▶ Task to complete
Omit the pictures while printing every entry below exactly as given.
Given information Block Start
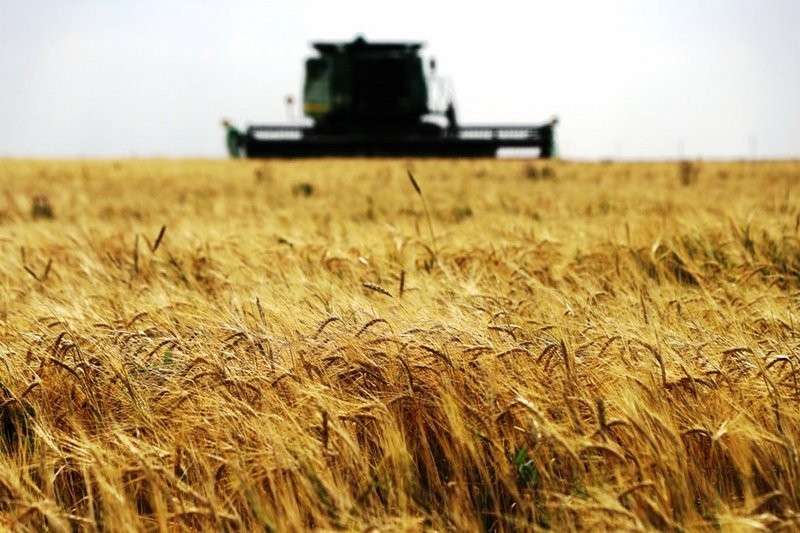 الجفاف يهدد محاصيل القمح والشعير في تركيا.. والذرة تسجل انتعاشا بفضل ارتفاع الأسعار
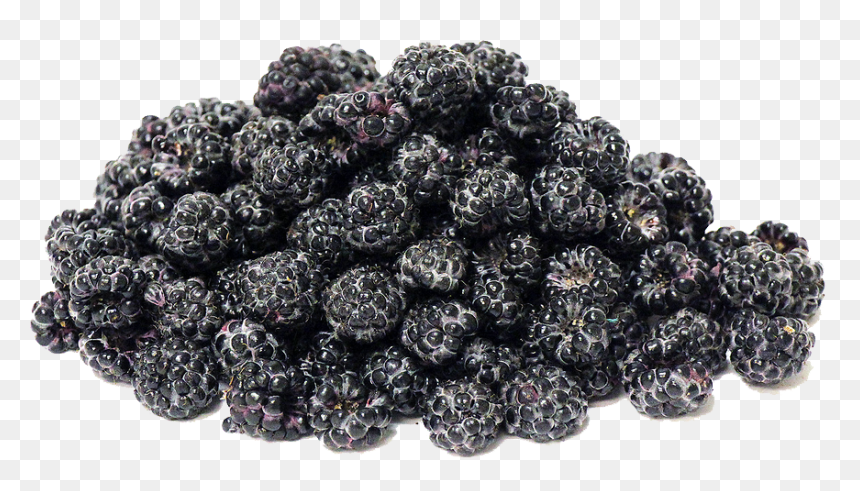 Black Raspberries Png Transparent Image - Kirmizi Ginsengli Dut Özü, Png Download - raspberries png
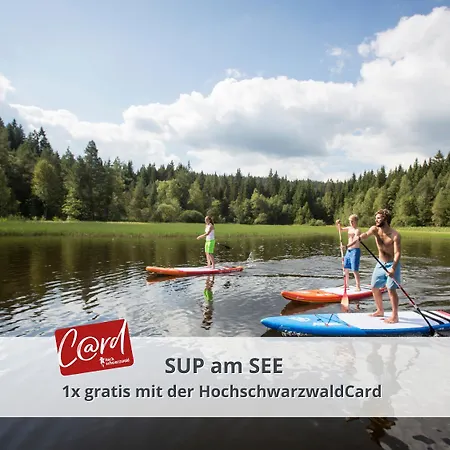Apartment Schwarzwaldschick I Direkt An Der Piste I Whirlwanne I Tiefgarage I Skipass Vergünstigt Feldberg (Baden-Wurttemberg)
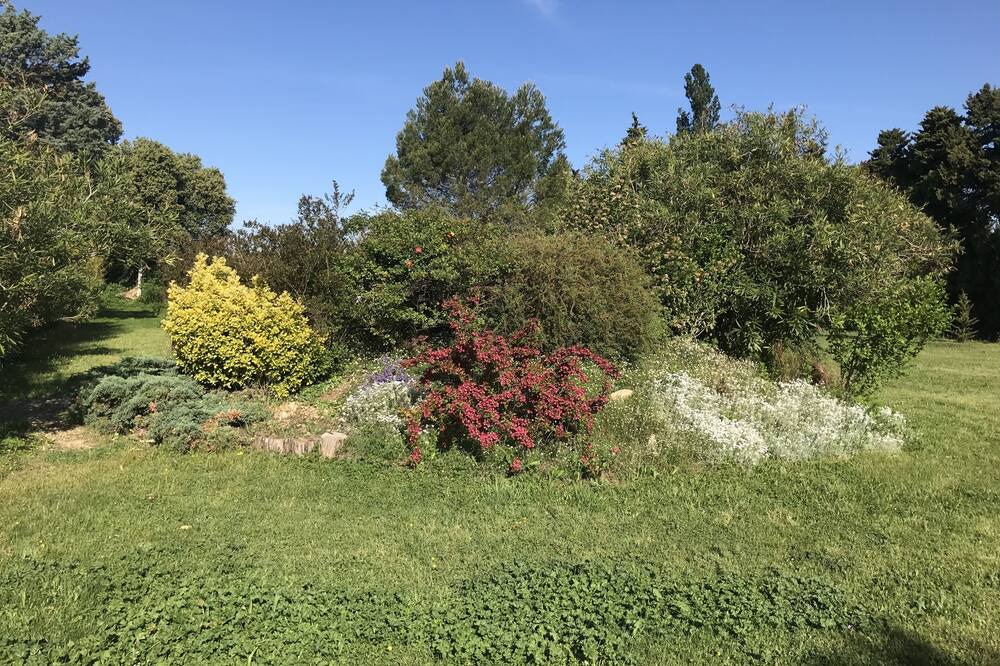 Photo of Outdoor in Loriol-du-Comtat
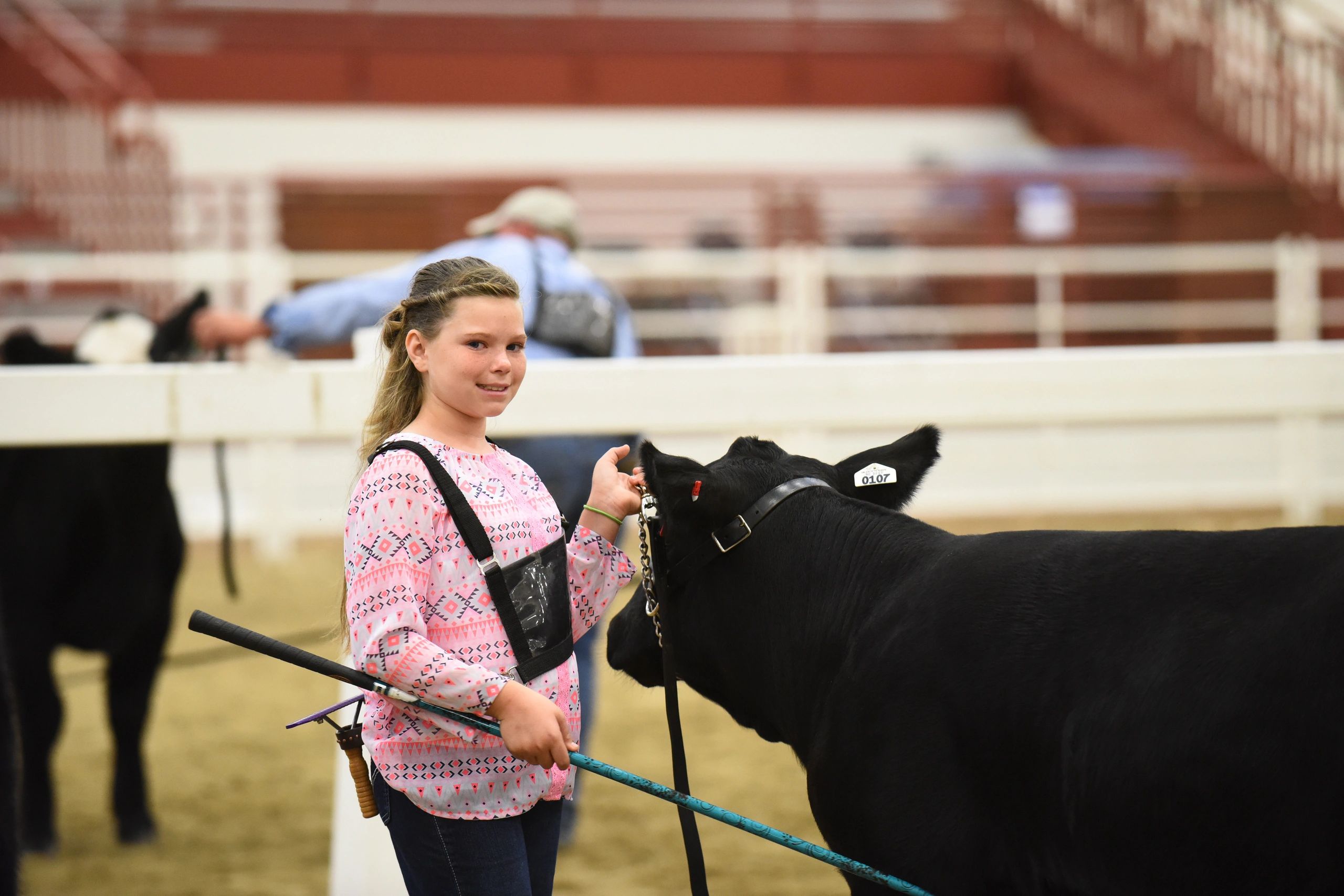 Girl leading black cattle at livestock show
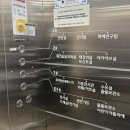 도립미술관 | 전남 도립 미술관 무료 입장 관람 후기 (주차장/휴관일)
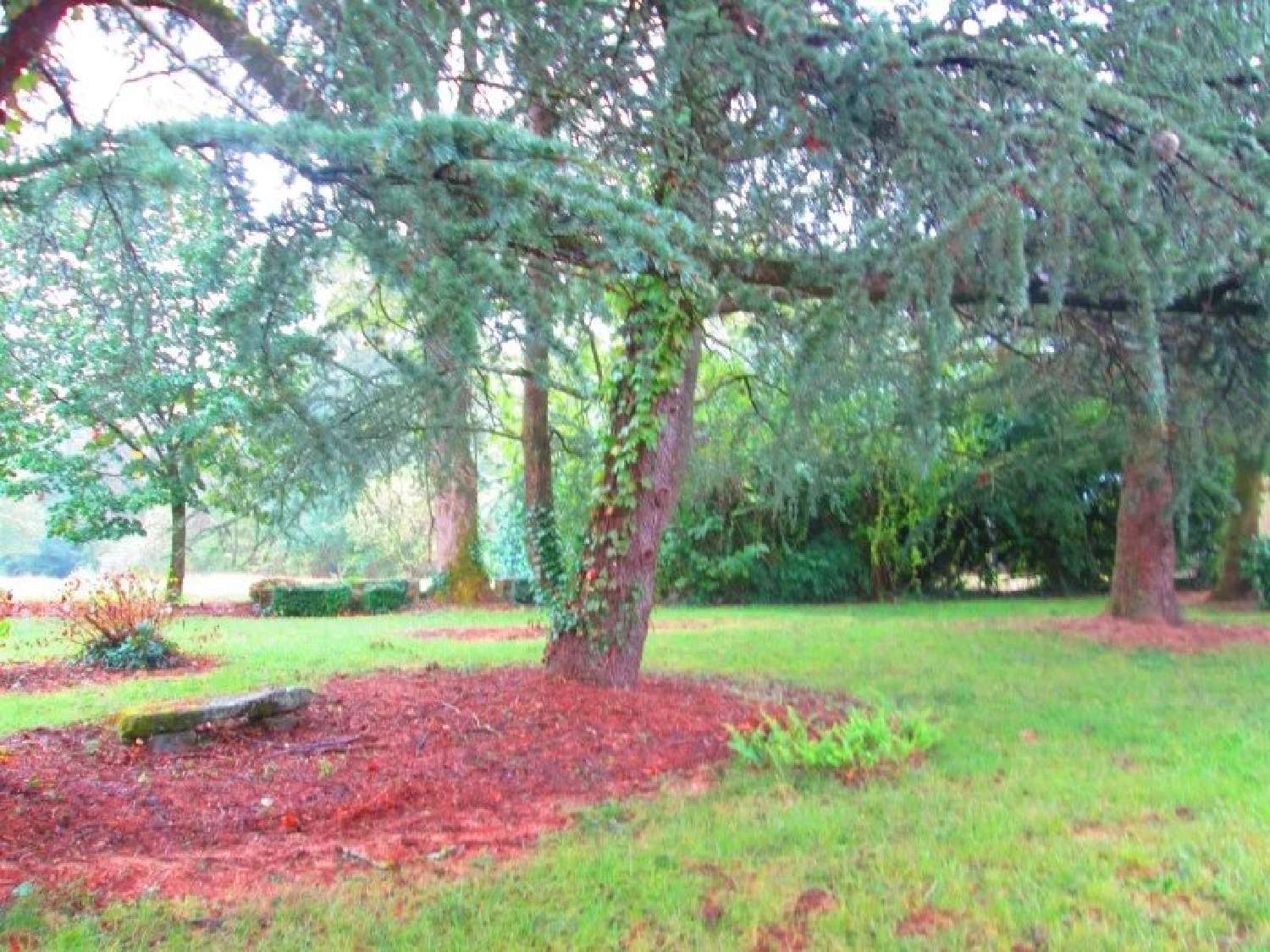  en venta finca rústica Castres Tarn 5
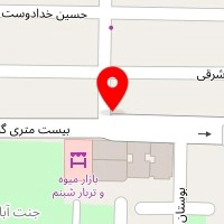 عکاسی نخل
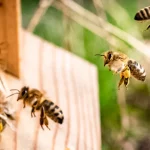 BBBzzz… les abeilles sont les reines de nos forêts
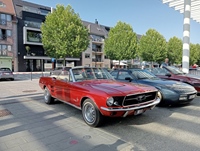 Drinks, Food En Fun -  17 juli 2026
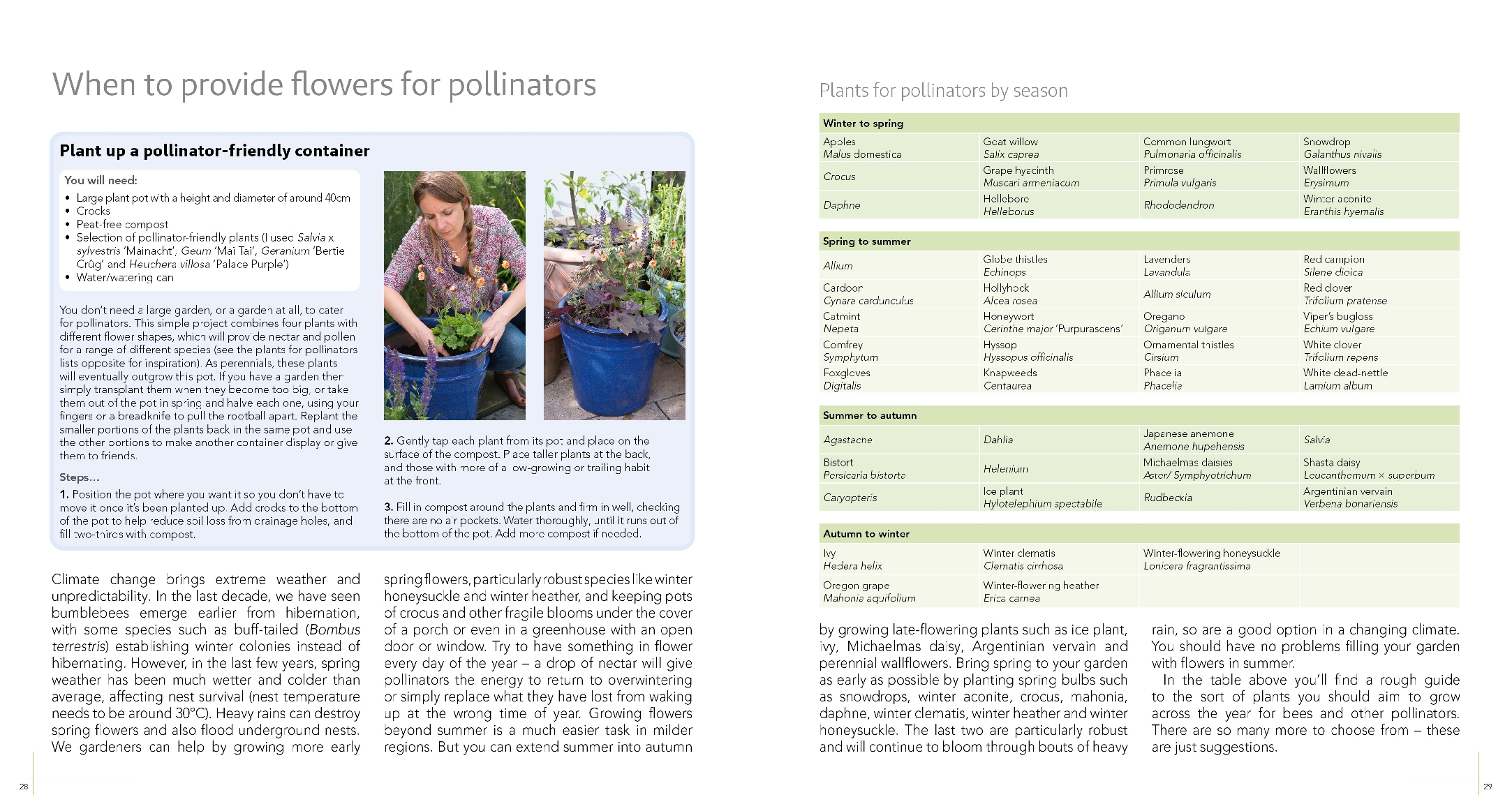 Wildlife Gardening For Everyone and Everything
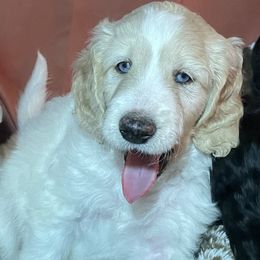 Aussiedoodle and Goldendoodle Puppies from Toledo Creek Doodles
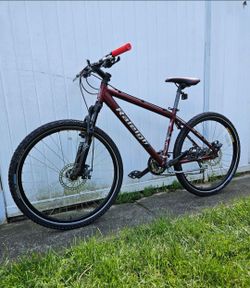 Raleigh Mountain Bike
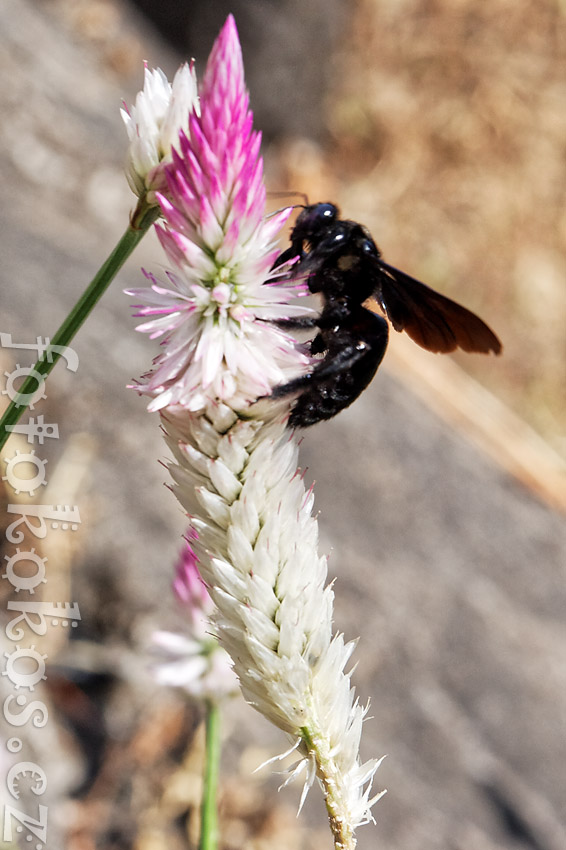 Girnar - Gujarat - India - Black Bee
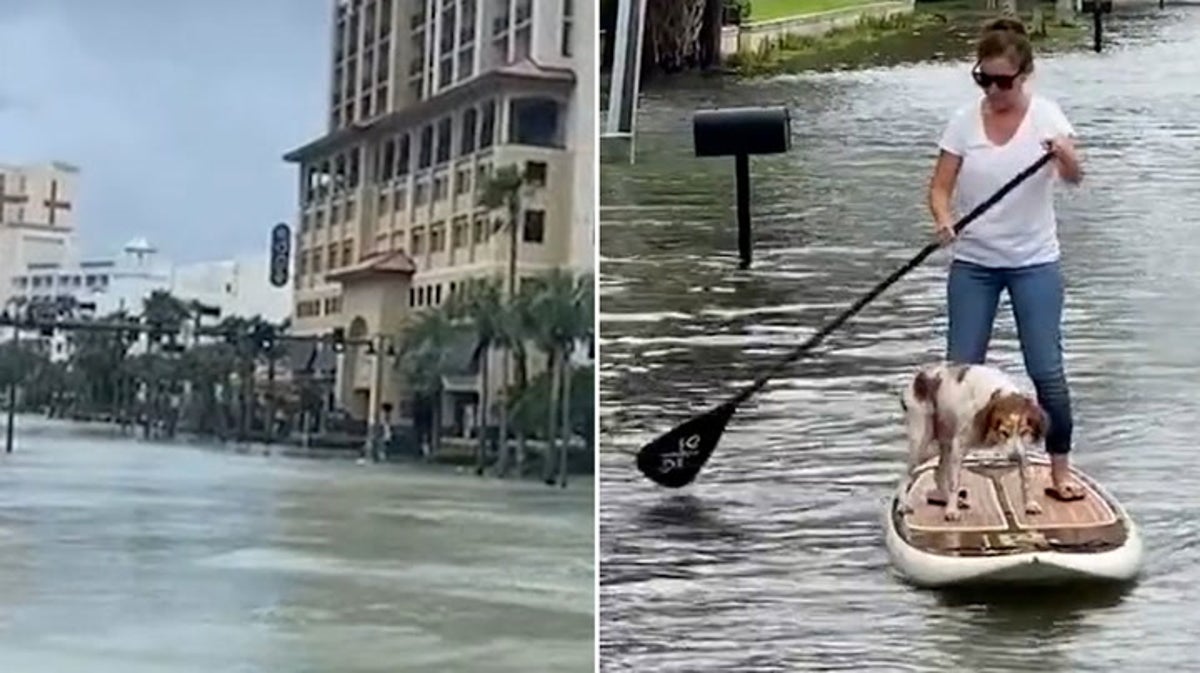Florida resident paddleboards down flooded road with her dog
Given information Block End
▶ Solution to this problem
 الجفاف يهدد محاصيل القمح والشعير في تركيا.. والذرة تسجل انتعاشا بفضل ارتفاع الأسعار
 Black Raspberries Png Transparent Image - Kirmizi Ginsengli Dut Özü, Png Download - raspberries png
Apartment Schwarzwaldschick I Direkt An Der Piste I Whirlwanne I Tiefgarage I Skipass Vergünstigt Feldberg (Baden-Wurttemberg)
 Photo of Outdoor in Loriol-du-Comtat
 Girl leading black cattle at livestock show
 도립미술관 | 전남 도립 미술관 무료 입장 관람 후기 (주차장/휴관일)
  en venta finca rústica Castres Tarn 5
 عکاسی نخل
 BBBzzz… les abeilles sont les reines de nos forêts
 Drinks, Food En Fun -  17 juli 2026
 Wildlife Gardening For Everyone and Everything
 Aussiedoodle and Goldendoodle Puppies from Toledo Creek Doodles
 Raleigh Mountain Bike
 Girnar - Gujarat - India - Black Bee
Florida resident paddleboards down flooded road with her dog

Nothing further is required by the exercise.